Andrea Arnold: Yeah, I started off by explaining the title and now I’ve decided that’s not a good thing. I’m going to stop explaining it. I think it can mean a lot of things and I think that’s nice for people to think about. If I tell you what I think, that just makes it definite. And that spoils having some fun with thinking about why is it called Fish Tank. I think it’s better you try to work it out. Sometimes if I dot the Is and cross the Ts, it spoils it. It’s on the internet anyway!

How did you get the idea for Fish Tank?

AA: I always start with an image. I’m not telling you what it was! No, because again, it gives the film away. Even though everyone will be writing about exactly what happens on the internet and it’s no mystery, I still have this idea of protecting what happens. Because I personally love to see films not knowing very much about them. When you see it, it’s like a flower opening up. I deliberately never read about films before I see them.

What does Katie Jarvis think about all the acclaim she’s getting?

AA: She has no idea how much she’s been talked about. Her ears must be burning! I rang her during Cannes and said, “Katie, you’ve got to get on the internet. Get on the internet!” She hasn’t got a computer where she is. And I was like, “Go somewhere and get on the internet!”

Fish Tank

Fish Tank

Is it true that you found randomly her at a train station?

AA: Yeah, she was having a row with her boyfriend. He was on one platform and she was on the other. She was yelling at him. I wasn’t there, it was actually the casting assistant called Lucy, who was really fantastic. She approached Katie and Katie didn’t believe it was for a film. She thought Lucy was incredibly suspicious! And she’s absolutely right to be suspicious! I’d be suspicious. But she came along, we did a local little audition with some girls we’d found in Tillbury. We just got her to do a little bit of improvisation. She could just be totally herself. Her family’s not the same as Mia’s in the film, but more her character and her energy and her anger. She’s got the ability to quite angry. That was more the thing that was right for the part.

How did you know she could handle the really harsh scenes?

AA: I didn’t know. It was a big risk in way, because I really didn’t know if she would be able to do it. She could obviously be herself in a little bit of improvisation. But we have a script. And every day we have a certain amount of things to do. A story to tell. Cameras. Sounds. Things she has to learn very quickly. And I didn’t know if she’d be able to do it. But I love leaping in and not knowing if it’s going to work. It was a big risk. I thought, Hmm. It might not happen…

What about the sex scene?

AA: Yeah. She’s 17 so… I spoke to her parents and they know that it’s not real. You’re only pretending. Obviously you try to make things look as real as possible. But in amongst all that, doing those things is hilarious, often. I’m sure she was nervous. But even people who’ve done it before get nervous so that’s not surprising. We didn’t make a big deal of it. We kept it very brief.

Fish Tank

Fish Tank

Were you anything like Katie’s character when you were a teenager?

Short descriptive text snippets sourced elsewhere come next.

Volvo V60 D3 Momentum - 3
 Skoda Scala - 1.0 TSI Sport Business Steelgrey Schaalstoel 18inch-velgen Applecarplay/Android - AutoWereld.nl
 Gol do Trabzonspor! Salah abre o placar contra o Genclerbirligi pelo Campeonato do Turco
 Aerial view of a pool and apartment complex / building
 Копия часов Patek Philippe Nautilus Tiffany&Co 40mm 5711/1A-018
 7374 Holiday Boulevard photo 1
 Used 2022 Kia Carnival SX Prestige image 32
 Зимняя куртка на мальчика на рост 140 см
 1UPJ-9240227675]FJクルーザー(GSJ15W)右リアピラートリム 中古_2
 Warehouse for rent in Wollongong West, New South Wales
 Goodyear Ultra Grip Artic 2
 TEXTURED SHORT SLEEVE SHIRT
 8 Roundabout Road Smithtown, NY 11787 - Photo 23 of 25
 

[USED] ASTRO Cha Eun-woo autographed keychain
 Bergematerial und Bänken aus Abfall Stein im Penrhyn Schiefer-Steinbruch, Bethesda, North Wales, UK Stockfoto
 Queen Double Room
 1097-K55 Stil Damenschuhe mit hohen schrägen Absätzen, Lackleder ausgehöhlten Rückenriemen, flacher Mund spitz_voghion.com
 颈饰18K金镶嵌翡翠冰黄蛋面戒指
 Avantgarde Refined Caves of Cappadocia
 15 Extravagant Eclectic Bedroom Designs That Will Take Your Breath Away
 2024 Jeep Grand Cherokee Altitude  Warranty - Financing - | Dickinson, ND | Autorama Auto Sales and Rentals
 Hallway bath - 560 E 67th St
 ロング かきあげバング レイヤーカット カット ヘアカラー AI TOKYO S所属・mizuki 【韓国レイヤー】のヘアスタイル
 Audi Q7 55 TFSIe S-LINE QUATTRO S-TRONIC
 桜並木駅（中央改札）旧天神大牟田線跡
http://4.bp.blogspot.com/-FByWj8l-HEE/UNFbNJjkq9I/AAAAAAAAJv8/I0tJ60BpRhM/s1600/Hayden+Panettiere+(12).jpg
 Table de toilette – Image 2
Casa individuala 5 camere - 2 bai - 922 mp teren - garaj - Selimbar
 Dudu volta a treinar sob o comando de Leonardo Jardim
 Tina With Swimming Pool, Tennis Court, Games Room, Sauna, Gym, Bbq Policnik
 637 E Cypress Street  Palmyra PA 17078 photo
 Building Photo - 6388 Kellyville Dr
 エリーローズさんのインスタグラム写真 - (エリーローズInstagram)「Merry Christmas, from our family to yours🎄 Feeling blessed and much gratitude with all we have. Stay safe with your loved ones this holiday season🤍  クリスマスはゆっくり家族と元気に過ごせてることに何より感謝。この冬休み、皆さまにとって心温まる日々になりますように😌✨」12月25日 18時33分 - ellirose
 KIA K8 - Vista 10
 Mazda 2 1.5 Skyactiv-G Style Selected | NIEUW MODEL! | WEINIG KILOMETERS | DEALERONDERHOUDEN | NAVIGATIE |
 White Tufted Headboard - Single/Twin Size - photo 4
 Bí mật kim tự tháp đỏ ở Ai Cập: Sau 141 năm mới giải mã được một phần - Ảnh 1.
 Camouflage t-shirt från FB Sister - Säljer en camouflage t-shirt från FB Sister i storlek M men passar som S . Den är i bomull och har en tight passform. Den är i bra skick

AA: I don’t think so… I did grow up on a housing estate. And I was a teenager, obviously! But I was never like Mia. I see a lot of those kids around and I know what it’s like to be a teenager. I guess I’m projecting some other things on to her. To make her slightly different to what I know. So it’s partly imagination, partly things I know.

How did you make all the dialogue so realistic?

AA: I just picked people who live there. They say things in the way they say things. Katie comes from that area, so she just scripted it into her own words. We kept Michael with his Irish accent, because he’s a little bit of an outsider anyway. Kierston Wareing actually was born in that area too. Rebecca Griffiths lives down the road.

Do you think some audiences won’t understand the slang?

AA: It’s interesting doing the French translation. Because we’re not only translating English, we’re translating Essex English. So for example, one of kids says, “Oh, her mum’s butters.” Butters is slang for butt-ugly. Butt-ugly means arse-ugly. Trying to work that out in the French translation was very interesting… Trying to keep the language as colourful!

Fish Tank hits UK cinemas this Friday.